- Born: 27 December 1952 (age 72)

Team
- Curling club: Tårnby CC, Tårnby

Curling career
- Member Association: Denmark
- World Mixed Doubles Championship appearances: 1 (2008)
- Other appearances: European Mixed Championship: 1 (2012)

Medal record
| Curling |

= Kirsten Jensen (curler) =

Danish curler and coach (born 1952)

Kirsten Jensen (born 27 December 1952) is a Danish curler and curling coach.

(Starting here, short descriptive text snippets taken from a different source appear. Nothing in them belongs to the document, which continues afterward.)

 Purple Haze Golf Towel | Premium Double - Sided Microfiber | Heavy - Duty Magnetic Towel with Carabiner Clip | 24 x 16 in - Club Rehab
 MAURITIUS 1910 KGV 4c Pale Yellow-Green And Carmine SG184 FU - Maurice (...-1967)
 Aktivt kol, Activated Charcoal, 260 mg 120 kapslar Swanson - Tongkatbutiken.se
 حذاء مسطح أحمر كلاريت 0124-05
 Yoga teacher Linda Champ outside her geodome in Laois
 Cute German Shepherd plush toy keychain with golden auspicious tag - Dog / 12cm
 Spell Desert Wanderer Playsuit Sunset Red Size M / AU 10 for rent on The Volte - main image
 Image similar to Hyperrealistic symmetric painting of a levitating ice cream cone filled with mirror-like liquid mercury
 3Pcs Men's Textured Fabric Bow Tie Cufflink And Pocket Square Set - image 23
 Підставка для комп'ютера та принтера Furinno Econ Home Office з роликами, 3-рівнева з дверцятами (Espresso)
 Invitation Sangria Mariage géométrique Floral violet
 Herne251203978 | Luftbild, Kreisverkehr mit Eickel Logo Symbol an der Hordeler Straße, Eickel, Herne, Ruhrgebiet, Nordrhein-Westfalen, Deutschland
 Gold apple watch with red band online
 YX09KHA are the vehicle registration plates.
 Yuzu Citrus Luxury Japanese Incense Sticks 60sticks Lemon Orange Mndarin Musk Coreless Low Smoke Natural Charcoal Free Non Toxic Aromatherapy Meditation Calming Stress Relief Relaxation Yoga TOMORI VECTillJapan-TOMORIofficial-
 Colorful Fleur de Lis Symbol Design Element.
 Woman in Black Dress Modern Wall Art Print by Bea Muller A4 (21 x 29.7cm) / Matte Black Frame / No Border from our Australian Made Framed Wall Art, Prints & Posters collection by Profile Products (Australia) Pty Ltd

At the national level, she is a two-time mixed champion (1991, 2011) and mixed doubles champion (2008).

==Teams==
===Women's===

| Season | Skip | Third | Second | Lead | Events |
|---|---|---|---|---|---|
| 2005–06 | Kirsten Jensen | Lone Tordrup | Lone Christiansen | Dorthe Hansen | WSCC 2006 (9th) |

===Mixed===

| Season | Skip | Third | Second | Lead | Events |
|---|---|---|---|---|---|
| 1990–91 | Johannes Jensen | Angelina Jensen | Ulrik Damm | Kirsten Jensen | DMxCC 1991 |
| 2011–12 | Mikael Qvist | Trine Qvist | Are Solberg | Kirsten Jensen | DMxCC 2011 |
| 2012–13 | Mikael Qvist | Trine Qvist | Are Solberg | Kirsten Jensen | EMxCC 2012 (15th) |

===Mixed doubles===

| Season | Male | Female | Events |
|---|---|---|---|
| 2007–08 | Lasse Damm | Kirsten Jensen | DMDCC 2008 WMDCC 2008 (21st) |

==Record as a coach of national teams==

| Year | Tournament, event | National team | Place |
|---|---|---|---|
| 2008 | 2008 World Senior Curling Championships | Denmark (senior men) | 18 |
| 2010 | 2010 European Junior Curling Challenge | Denmark (junior women) | 2nd place, silver medalist(s) |
| 2011 | 2011 European Junior Curling Challenge | Denmark (junior women) | 4 |

==Personal life==
Kirsten is from famous family of Danish curlers. Her husband is Johannes Jensen - curler, coach and longtime (since 1987) president of Tårnby Curling Club; at 2021 he was inducted into the WCF Hall of Fame as "builder". Their daughters Angelina Jensen and Camilla Jensen are famous Danish curlers, national champions, World and European medallists. Kirsten, Johannes and Angelina as mixed team won 1991 Danish mixed championship.